As the battle over healthcare continues to heat up, the economic picture for the future of the United States has again come into focus. The Congressional Budget Office (CBO) and the White House both reported earlier this week that the U.S.’ deficit will balloon to a record $1.6 trillion this year, representing 11.2% of gross domestic product (GDP). For opponents to President Barrack Obama’s healthcare plan, the news provided a red flag against increasing federal spending.
Though NACM’s Credit Managers’ Index (CMI) showed that the U.S. economy hit bottom in March and other analyses have agreed with a similar timeframe, the CBO anticipates recovery will be “slow and tentative.” The predictions are for 1.6% annual growth as 2009 matures, with GDP growth of 2.8% from the fourth quarter of 2009 to the first quarter of 2010. The CBO predicts a slow build up to 3.8% GDP growth by 2011 and that the average annual growth seen in 2012 and 2013 will be around 4.5%.
As the economy recovers, and if all policies remain as they are today, the agency estimates the nation’s deficit would shrink, but remain above $500 billion per year, more than 3% of GDP, for the duration of 2010 until 2019. Public debt over that time frame would increase from 54% of GDP to 68% of GDP by 2019. That would be double the low seen in 2001 of 33%. But the problem looming is that healthcare costs are expected to increase rapidly if something isn’t done. Last year, outlays for Social Security, Medicare and Medicaid combined for 9% of GDP. Over the next decade, that percentage is expected to hit 12% of GDP by 2019 and total 17% of GDP by 2035. If that is allowed to happen, the CBO warns that it would pose a threat to U.S. economic stability because federal debt and the deficit would grow substantially.
For the ten year period from 2009 to 2019, CBO’s baseline combined deficit projection is roughly $7.1 trillion, $2.7 trillion more than the estimate it released in March. In contrast, the White House’s Office of Management and Budget (OMB) predicts a combined deficit of $9.1 trillion during that same ten year period. CBO’s Director Douglas Elmendorf calls a comparison of the two projections “apples-to-oranges.” The OMB assumes Obama’s proposed policies will be approved.
“President Obama inherited the major causes of the deficit -- including debt-financed tax cuts and an economic crisis from the last administration -- but he has accepted the responsibility to leave our nation on sounder fiscal footing than he found it,” said House Majority Leader Steny Hoyer (D-MD). “The Recovery Act, even while it added to the short-term deficit, staved off catastrophe and is bringing this recession to an end.”
Hoyer said that the mid-session reviews of the budget are clear signals to Congress and the White House that efforts must be made to bring the deficit under control. He added that, “because the cost of health care is the single biggest contributor to our deficit, it is imperative that we pass a health care reform bill that brings peace of mind to middle-class Americans, while reducing costs.”

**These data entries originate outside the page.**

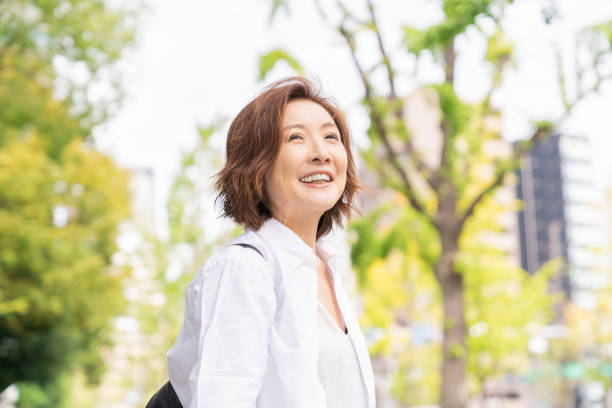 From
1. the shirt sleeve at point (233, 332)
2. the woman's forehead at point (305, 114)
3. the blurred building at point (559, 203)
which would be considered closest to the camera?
the shirt sleeve at point (233, 332)

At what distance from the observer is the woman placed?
4.42 feet

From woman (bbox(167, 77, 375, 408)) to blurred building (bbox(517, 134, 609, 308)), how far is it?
72.2 m

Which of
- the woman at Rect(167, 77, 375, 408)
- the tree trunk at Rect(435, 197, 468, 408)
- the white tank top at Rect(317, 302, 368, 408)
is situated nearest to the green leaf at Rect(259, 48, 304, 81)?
the tree trunk at Rect(435, 197, 468, 408)

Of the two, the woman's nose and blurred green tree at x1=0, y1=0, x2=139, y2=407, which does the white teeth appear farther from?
blurred green tree at x1=0, y1=0, x2=139, y2=407

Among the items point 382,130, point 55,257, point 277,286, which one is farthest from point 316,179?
point 55,257

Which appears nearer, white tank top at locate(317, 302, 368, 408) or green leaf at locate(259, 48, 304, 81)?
white tank top at locate(317, 302, 368, 408)

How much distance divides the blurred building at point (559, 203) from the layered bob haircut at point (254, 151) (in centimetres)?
7221

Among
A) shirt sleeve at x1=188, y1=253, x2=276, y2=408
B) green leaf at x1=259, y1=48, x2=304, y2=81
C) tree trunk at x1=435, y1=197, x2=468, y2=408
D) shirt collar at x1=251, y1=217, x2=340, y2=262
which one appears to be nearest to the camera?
shirt sleeve at x1=188, y1=253, x2=276, y2=408

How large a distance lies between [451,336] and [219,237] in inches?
333

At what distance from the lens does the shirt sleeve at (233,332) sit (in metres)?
1.30

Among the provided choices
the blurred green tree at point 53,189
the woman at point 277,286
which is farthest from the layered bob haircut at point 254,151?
the blurred green tree at point 53,189

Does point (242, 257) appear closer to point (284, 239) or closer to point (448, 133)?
point (284, 239)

Not unexpected, the other side of the aisle saw a different picture. Republicans have rallied around the White House’s $9 trillion figure and see the deficit projection as a clear sign that the nation’s fiscal health is on a slippery slope.

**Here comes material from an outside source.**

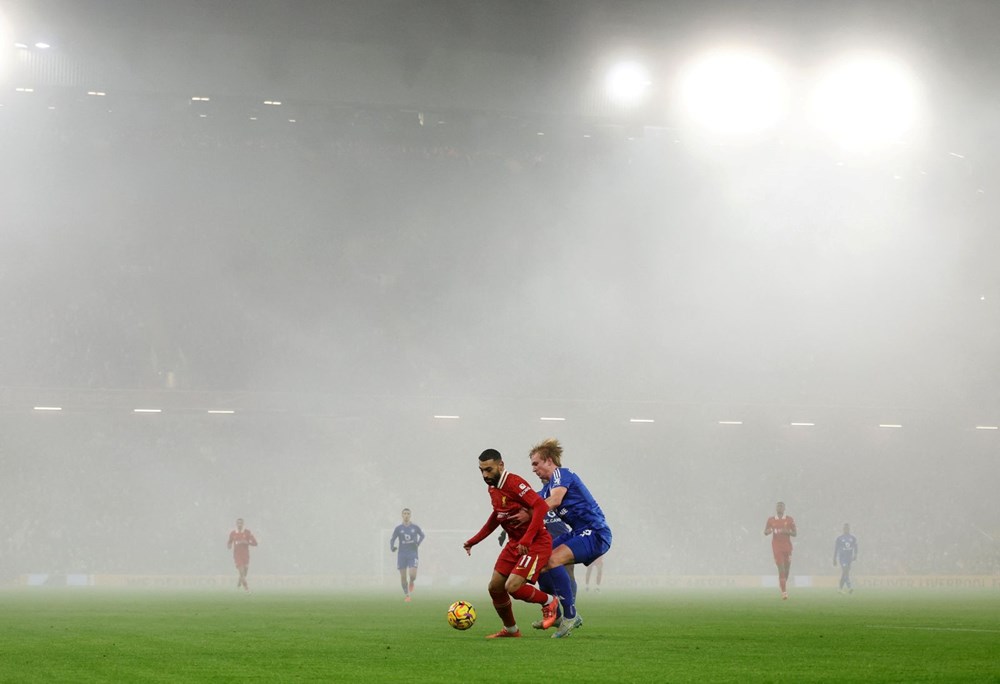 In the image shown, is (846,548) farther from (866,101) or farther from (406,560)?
(406,560)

“The Obama administration’s announcement that the 10-year federal deficit has risen to $9 trillion is staggering,” stated Senator Lamar Alexander (R-TN). “We’re on track to double the national debt in five years and triple it in 10 years. This is a flashing red light for any health care proposal that doesn’t reduce the cost of health care for Americans and their government.”
Senator Sam Brownback (R-KS) called the amounts of money being discussed simply “shocking.” "If the Administration stays this course, the gross federal debt will more than double to $24.5 trillion, more than 107% of the projected size of the economy,” claimed Brownback. “Particularly troubling is that these deficits will come with income taxes rising to one of the highest levels on record as a percentage of GDP."

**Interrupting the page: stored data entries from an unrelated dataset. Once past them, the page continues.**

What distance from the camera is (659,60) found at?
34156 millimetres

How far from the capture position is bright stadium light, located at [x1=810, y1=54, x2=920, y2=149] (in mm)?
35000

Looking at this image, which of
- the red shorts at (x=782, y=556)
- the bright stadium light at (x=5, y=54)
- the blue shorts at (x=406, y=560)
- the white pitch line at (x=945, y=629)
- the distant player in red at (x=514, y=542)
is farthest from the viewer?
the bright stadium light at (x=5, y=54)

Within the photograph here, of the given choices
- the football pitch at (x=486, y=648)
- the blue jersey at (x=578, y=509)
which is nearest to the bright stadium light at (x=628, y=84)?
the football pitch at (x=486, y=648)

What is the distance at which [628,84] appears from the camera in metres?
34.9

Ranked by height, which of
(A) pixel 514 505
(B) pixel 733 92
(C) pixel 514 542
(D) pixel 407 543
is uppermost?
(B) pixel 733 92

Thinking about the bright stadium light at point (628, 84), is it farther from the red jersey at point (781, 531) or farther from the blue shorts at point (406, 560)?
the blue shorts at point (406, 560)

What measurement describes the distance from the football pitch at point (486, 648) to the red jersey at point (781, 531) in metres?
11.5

With the deficit debate developing, adding fuel and fodder to the healthcare discussion, the Department of Commerce’s Bureau of Economic Analysis (BEA) released its complete analysis of economic growth. The agency says that real GDP edged down 1% in the second quarter of 2009, a better performance than the expected 1.5% drop and a much smaller decline than the 6.4% seen in the first quarter.
And despite grumblings about the breadth of the Recovery Act, the CBO, OMB and others have all agreed that the plan averted even worse disaster.
“The economy’s better than expected performance in the second quarter suggests that it is beginning to stabilize,” said Commerce Under Secretary for Economic Affairs Rebecca Blank. “The Recovery Act and other economic initiatives have put the brakes on the worst economic downturn in generations – but we are not out of the woods yet.”